|Underrated, underpushed, and certainly deserving of better|
Photo Credit: WWE.com
Given the amount of institutional hubris designed in WWE's architecture, it's surprising that they even know what the phrase "self-deprecating" means. It's one thing for the character Mr. McMahon to get his head shaved or to get his ass kicked or to do anything else for the sake of a story. But for Vince McMahon to take heat for his product is curious to see at least, until you realize that he probably doesn't give a flying shit about what content is plastered on his bandwidth as long as dudes and dudettes click it. That sets up the Dot-Com as a fascinating entity to me, one where guys like Joey Styles and even Howard Finkel can let their opinions fly without upsetting the signature on their paychecks.
It also puts the company in a unique position that it can "apologize" for stuff to small segments of the fanbase that care about that sort of thing. WWE has been doing it for the last couple of years, actually. While the main narrative has been trying to increase the font size on "LET'S GO CENA" or pushing movie stars and part-timers as the big event main deals, they've slowly started to build a base with the, as David Shoemaker calls us, meta-fans by integrating CM Punk into the main event without crushing his soul, giving Daniel Bryan a chance to run with the ball, littering the midcard with our sort of fan favorite, the show Main Event, and quite frankly, the entire NXT brand right now. You could argue whether or not they've done that with any efficacy, but the effort is there at least. The website articles are just another part of this full-service shopfront that might not be the thing, but is A thing.
However, for as subversive as these articles can be (and trust me, this one wasn't the first one), I have to wonder if the wrong people ever caught wind of what was being published whether that department would continue to have editorial freedom the way they do. CM Punk berating management as a character angle is fine because that will make WWE money in the long run. You and I both know that self-deprecation is great and all, but thinking from the mindset that gives us the WWE "Did You Know" graphics coming back from every other break, how many people will look at a slideshow where basically, a bunch of keyboard jockeys griped about how their favorite cult hero didn't get a fair WWE shake, and think it's remotely something that fits in the company line?

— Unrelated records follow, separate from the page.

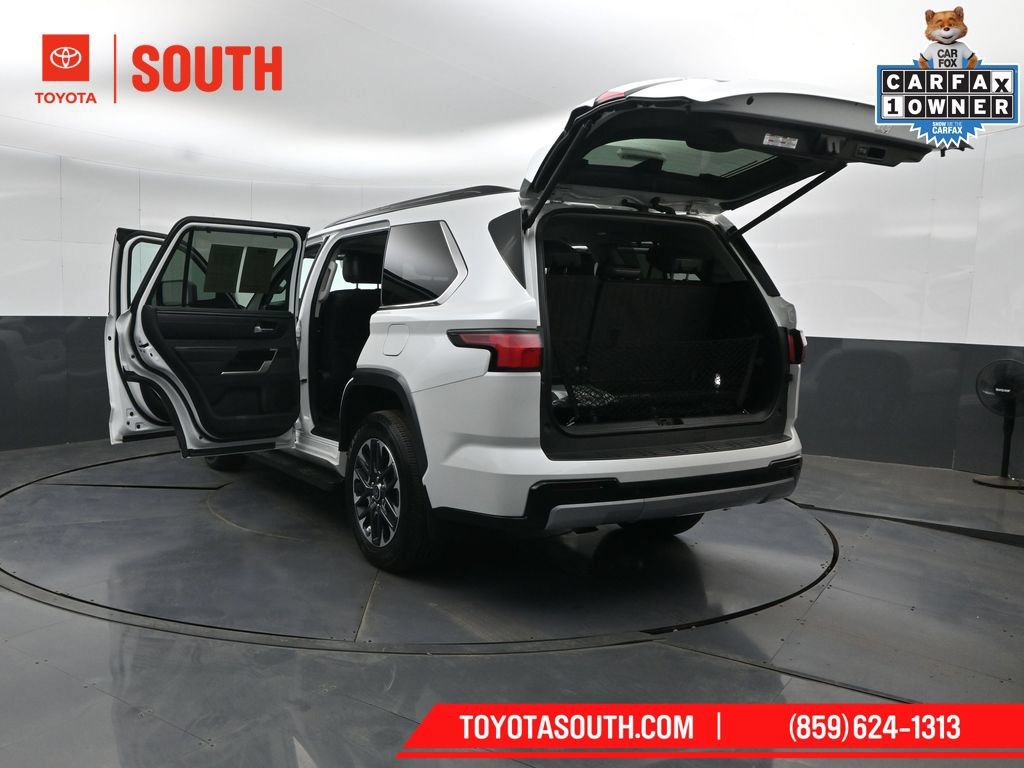Used 2023 Toyota Sequoia Limited w/ Tow Technology Package AWD/4WD image 66
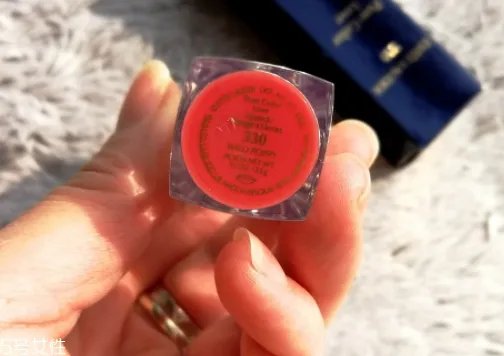 雅诗兰黛口红怎么样？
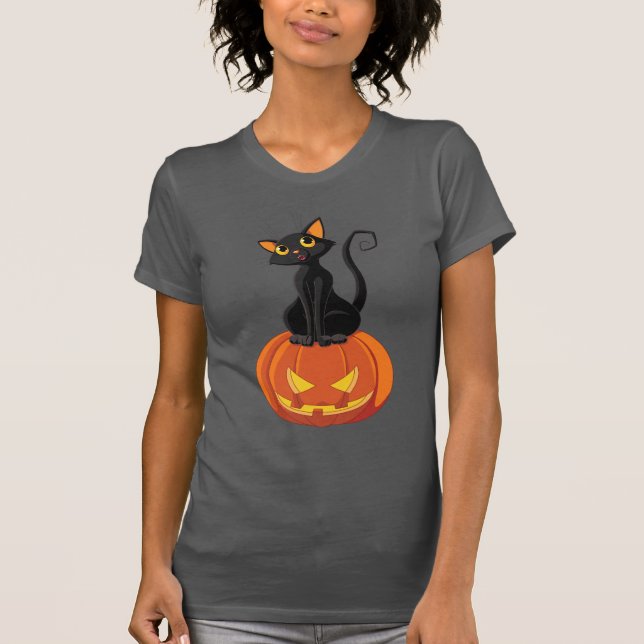 Cute Halloween cat t-shirt with cat and pumpkin (Front)
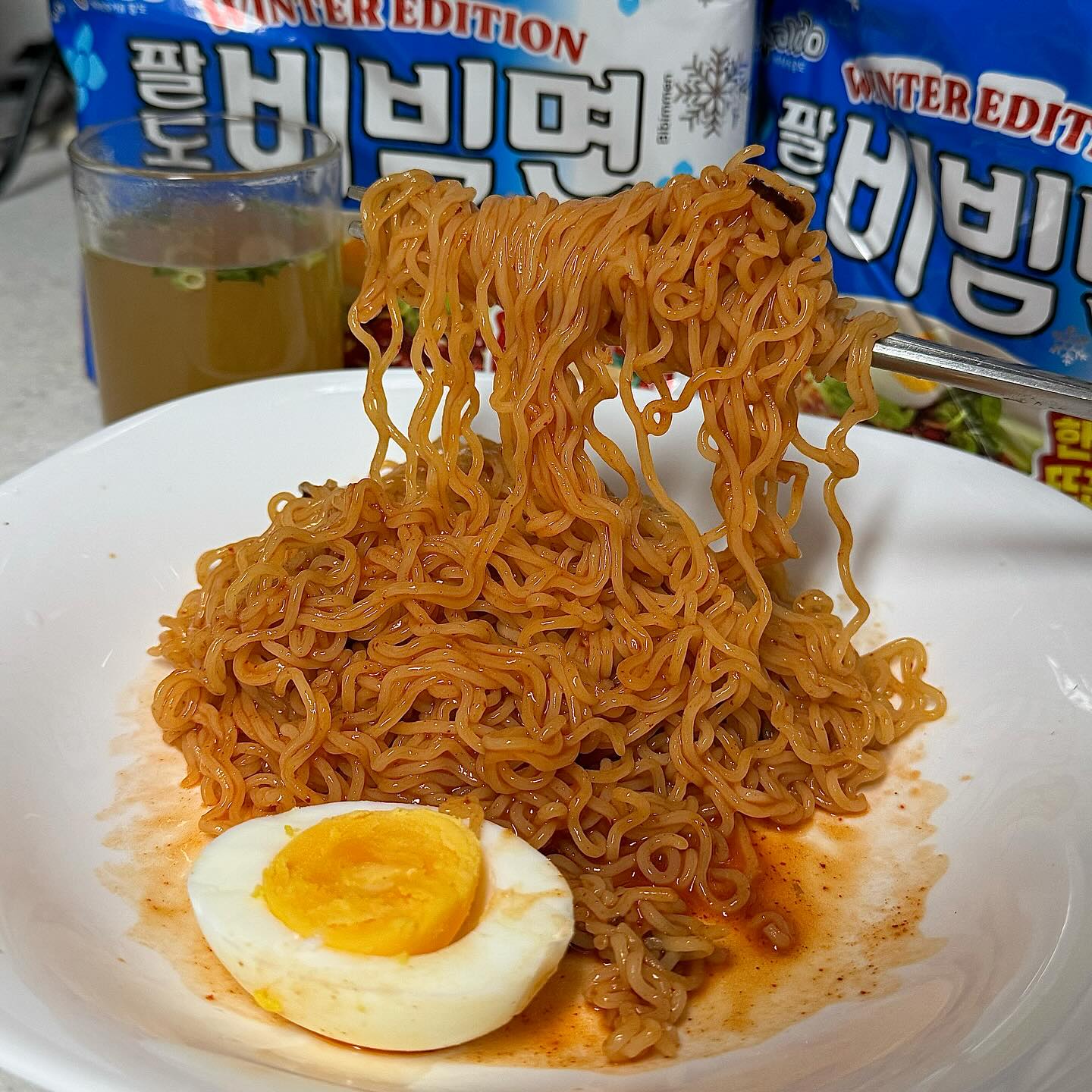 ❄️팔도비빔면+육수 윈터에디션❄️
전국민이 사랑하는 팔도비비면에서
윈터에디션을 내놓았어요!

Where I think the site is safe for now is whether anyone ever WOULD notice. Corporations, especially huge ones, have such a muddled structure that independent arms can spring out of the monolith with relative ease. For all the bullshit that comes with a corporate structure in WWE, the company's convoluted nature can sometimes lead to good things like this happening. Obviously, I as a fan would rather they not have to post a subversive, sarcastic list and get the good guys on their roster with the big pushes. However, every major entertainment outlet could do better if they had some kind of acknowledgement of prior mistakes in their narrative. Whether endorsed by the major players in the front office or not, articles like this are a good thing for WWE, and I hope they keep coming.